How to find the indices of sub-list patterns in Perl


I have a longer list whose elements are multi-character symbols, for example:

@c = qw(iim v7 v7 iM iv7 iM im iv7 iv7 bviiM im biio iim bviim biiM biim bviM bviM ivm iih v7 v7 v7 iiim iiih vi7 iim v7 v7 iM iv7 iM im iv7 bviiM im biio iim bviim bviim iiio iim v7 v7 v7 vm i7 ivM iiih vi7);

I'd like to find the indices in this list that match sub-lists of the type S1+ S2+ S3+, where the "+" means match one or more times. So, for example, the sub-list pattern (im iv7 bviiM) would match both (im iv7 iv7 bviiM) and (im iv7 bviiM) as highlighted in bold above. The code would provide the indices 6, 7, 8, 9 for the first match and 32, 33, 34 for the second.

On the surface, this doesn't seem like it should be difficult, and I've tried implementing this with a variety of methods, including regexes, but so far it has beaten me. If there's a simple way to do this I'd be grateful for any help.


Solution

  • An interesting problem, because repeated elements need also be matched by items from the given sub-sequence while the order need be maintained.

    use warnings;
    use strict;
    use feature 'say';
    use Data::Dump qw(dd);
    
    my @words = qw(iim v7 v7 iM iv7 iM im iv7 iv7 bviiM im biio iim bviim biiM
        biim bviM bviM ivm iih v7 v7 v7 iiim iiih vi7 iim v7 v7 iM iv7 iM im 
        iv7 bviiM im biio iim bviim bviim iiio iim v7 v7 v7 vm i7 ivM iiih vi7);
    
    my @subseq = qw(im iv7 bviiM);
    
    my (@all_seqs, @mi);
    my $s = 0;
    
    for my $i (0 .. $#words) { 
        if ($words[$i] eq $subseq[$s]) {  # first in @subseq or repeated from @words
            push @mi, $i;
        }   
        elsif (@mi and $s == @subseq-1) { # done, exhausted @subseq
            push @all_seqs, [ @mi ];  
            $s = 0;
            @mi = (); 
        }   
        elsif (@mi and $words[$i] eq $subseq[++$s]) { # next in @subseq
            push @mi, $i;
        }
        elsif (@mi) { # failed to match all from @subseq
            $s = 0;  
            @mi = ();
        }
    }
    dd \@all_seqs;
    

    The @mi is included in all tests after the first one so that they are done only when something has already been matched.

    Prints

    [[6 .. 9], [32, 33, 34]]
    

    Uncomment printing lines to track its operation. This has been tested beyond the basic run above but not well enough.

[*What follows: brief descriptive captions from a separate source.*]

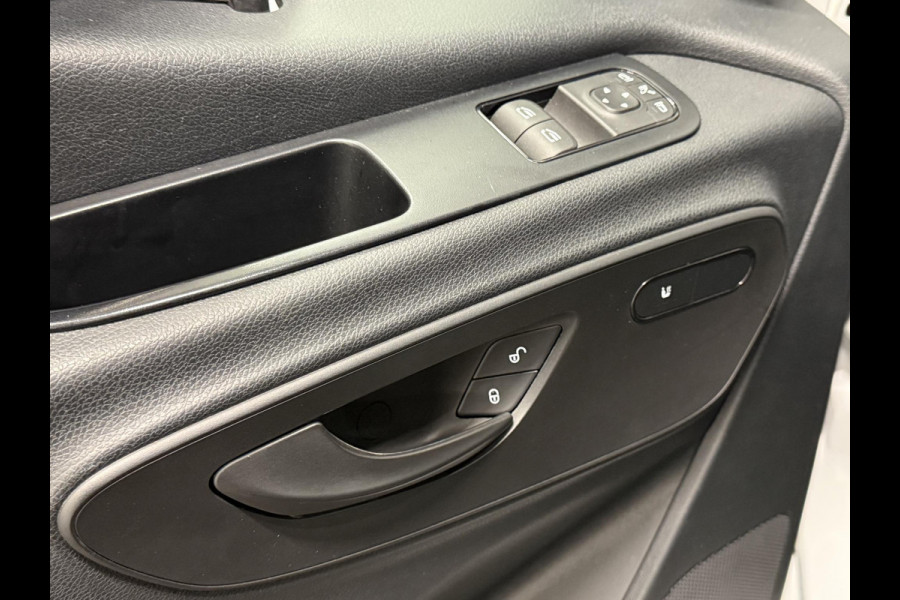 Mercedes-Benz Sprinter 317 CDI L4 Maxi Climate Control Navi Stoelverwarming Trekhaak PDC V&A Camera
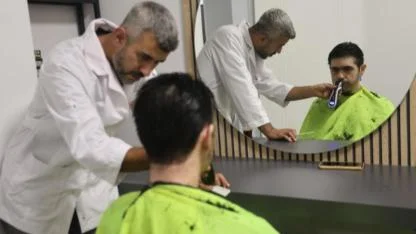 3 yıl sonra duş aldırıldı ve tıraş ettirildi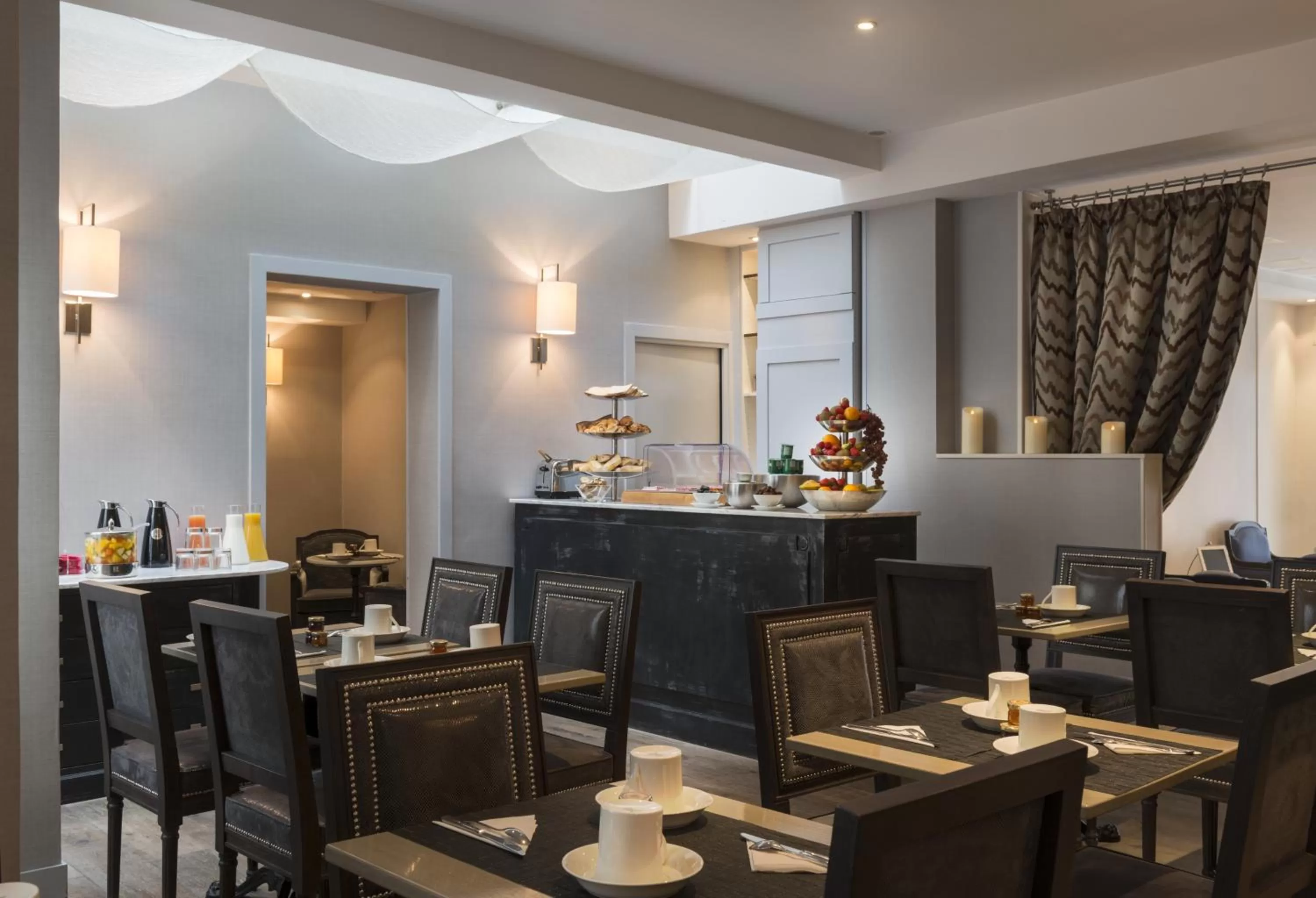 Buffet breakfast in Acacias Etoile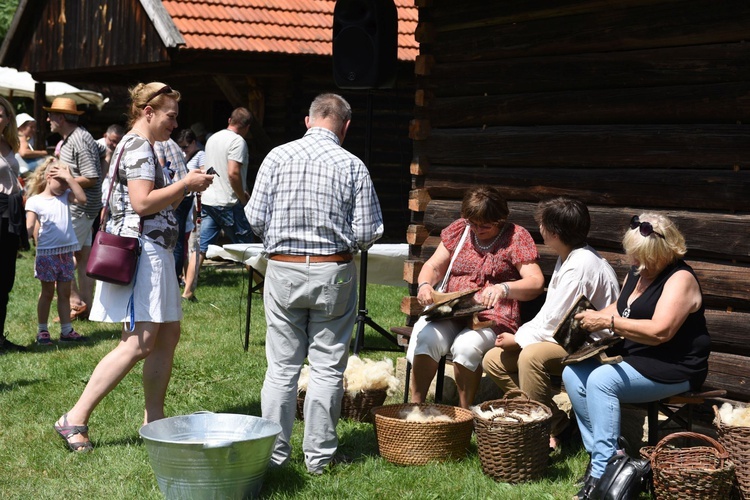 Rodzinne przędzenie w skansenie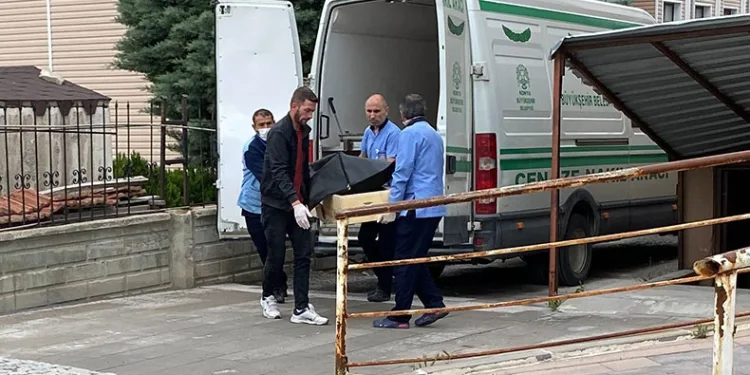 Evinin önünde silahlı saldırıya uğradı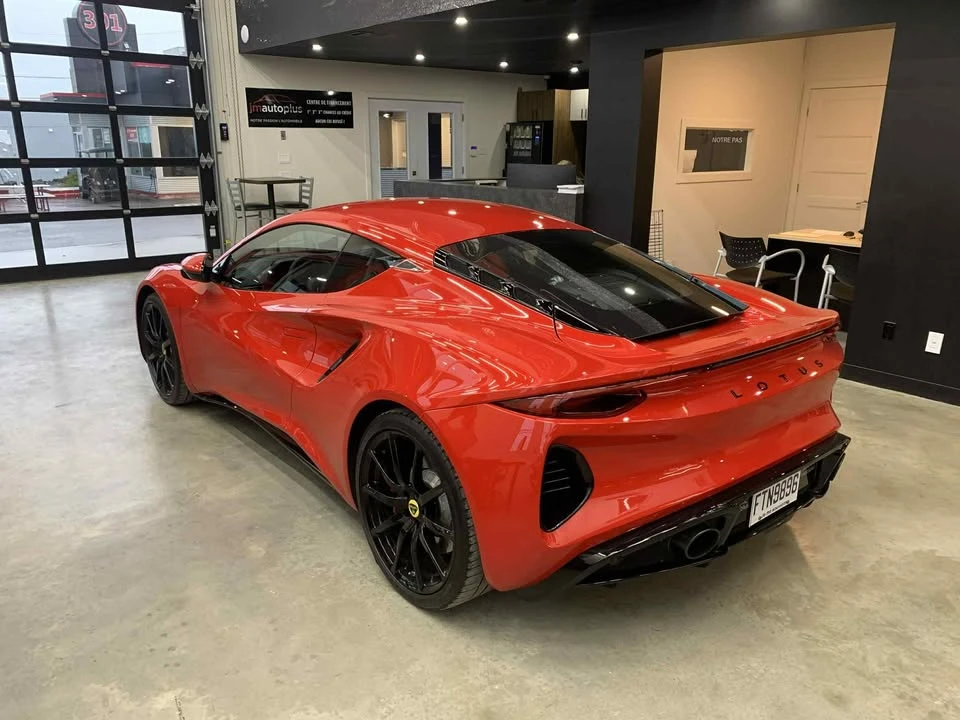 2025 Lotus Emira - Image 8 of 13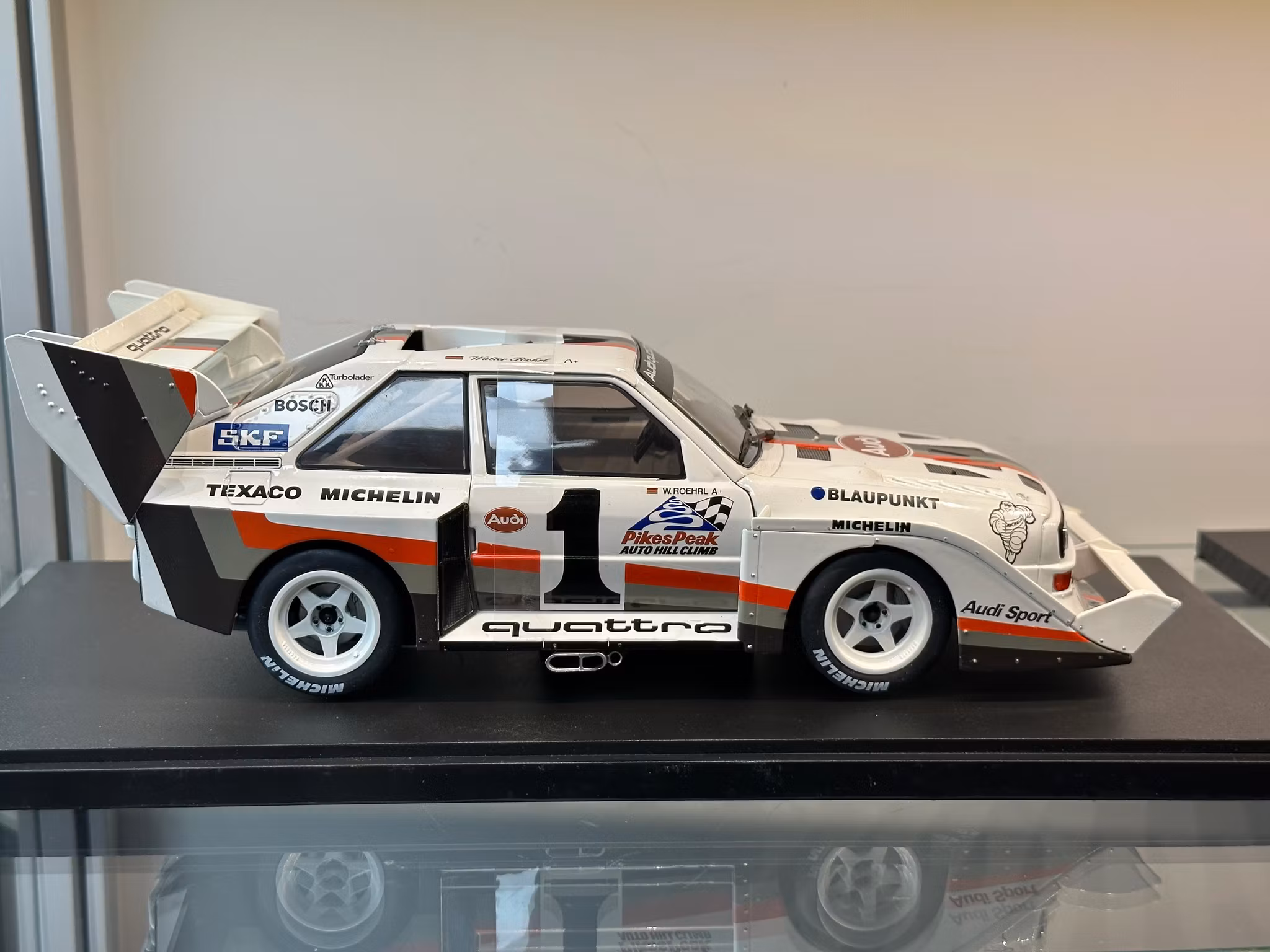 Skala 1/18 Audi S1 W.Röhrl, Winner pikes peak 1987 fr WERK83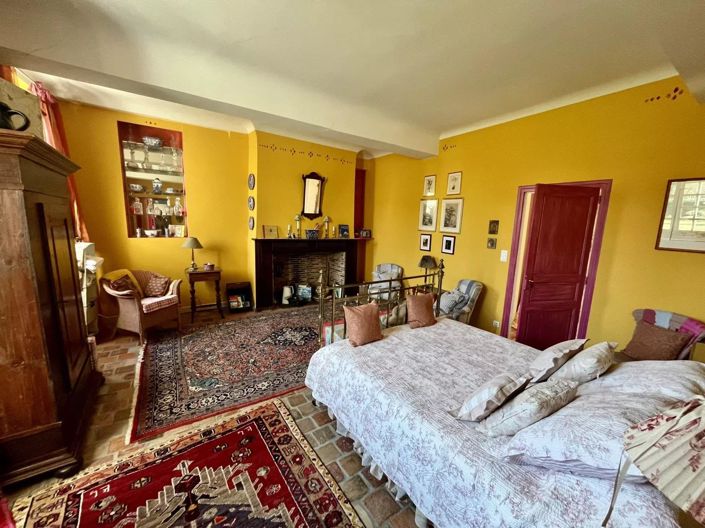 Image No.9-6 Bed House for sale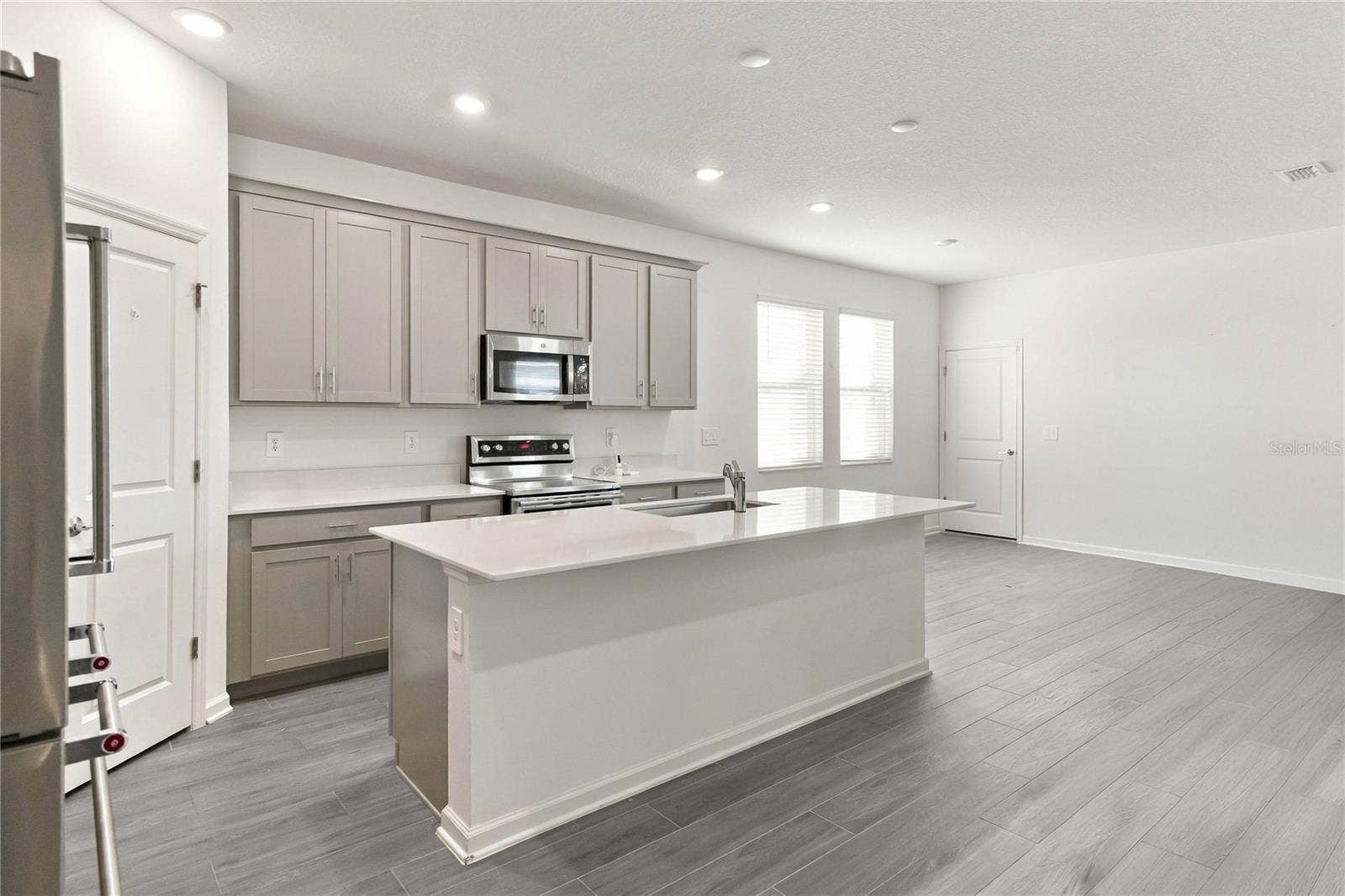 6459 PINE FORK ALLEY, St Cloud, FL 34771 Kitchen Island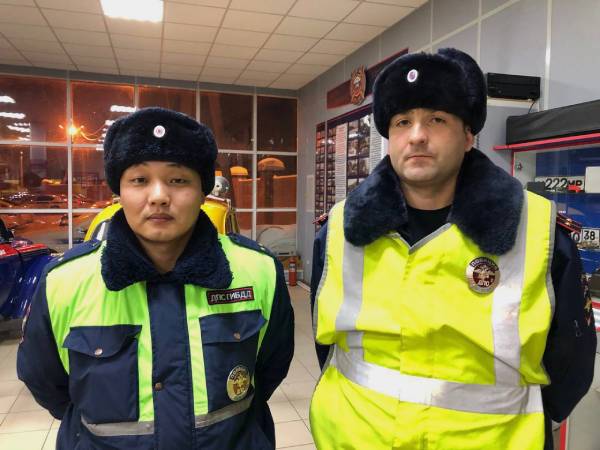 Иркутские полицейские помогли доставить в больницу задыхающегося ребёнка 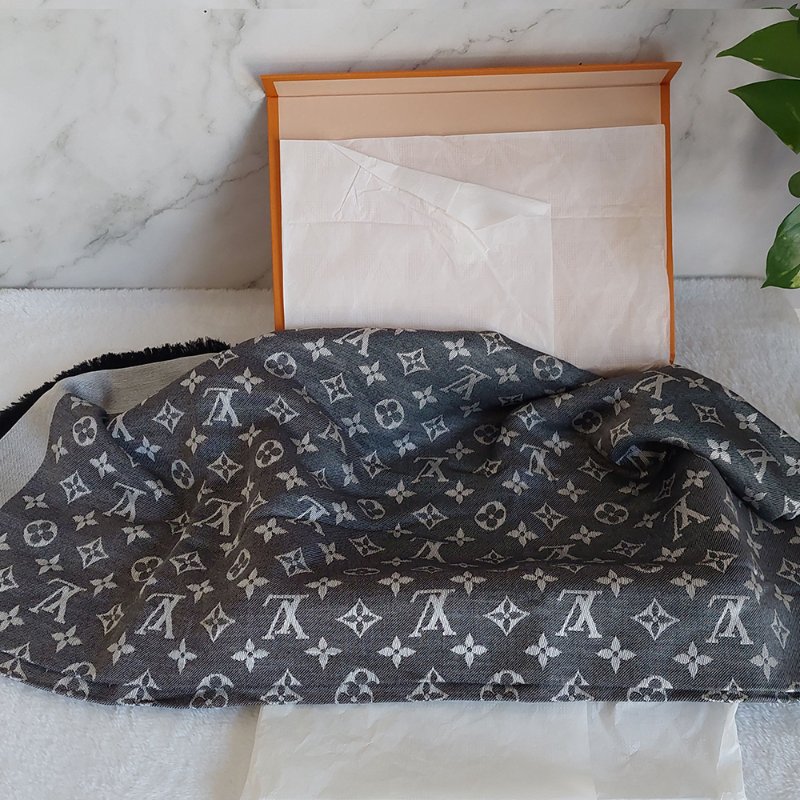 LV M71378 Monogram Denim 🌈實品拍照🌈披肩/滿版老花/羊毛絲綢披肩/圍巾/黑銀/黑灰(9.8新)-49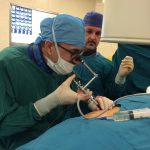 عمل جراحی سنگ شکنی کلیه pcnl در بیمارستان کیش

    Or, concatenate all words into a string and match the sub-sequence, concatenated into a pattern, by regex; then it's easy to take care of possible repetitions. In order to also scoop up indices from the original array in a match I prepend each word by __INDEX__.

    # Same @words and @subseq from above
    
    my $w = join '', map { '__'.$_.'__' . $words[$_] } 0.. $#words;
    
    my $patt = '(' . 
        join('', map { '(?:' . '__[0-9]+__' . quotemeta($_) . ')+' } @subseq) . ')';
    
    my @seqs = $w =~ /$patt/g;
    
    my @seqs_idx = map { [ /__([0-9]+)__/g ]  } @seqs;
    
    dd \@seqs_idx;
    

    Since __IDX__ must not be in @words nor @subseq it should really be checked for. That would hurt efficiency so perhaps use an even more unlikely separator-token built with the index (and if it contains regex-special characters put it through quotemeta in the @subseq-based pattern).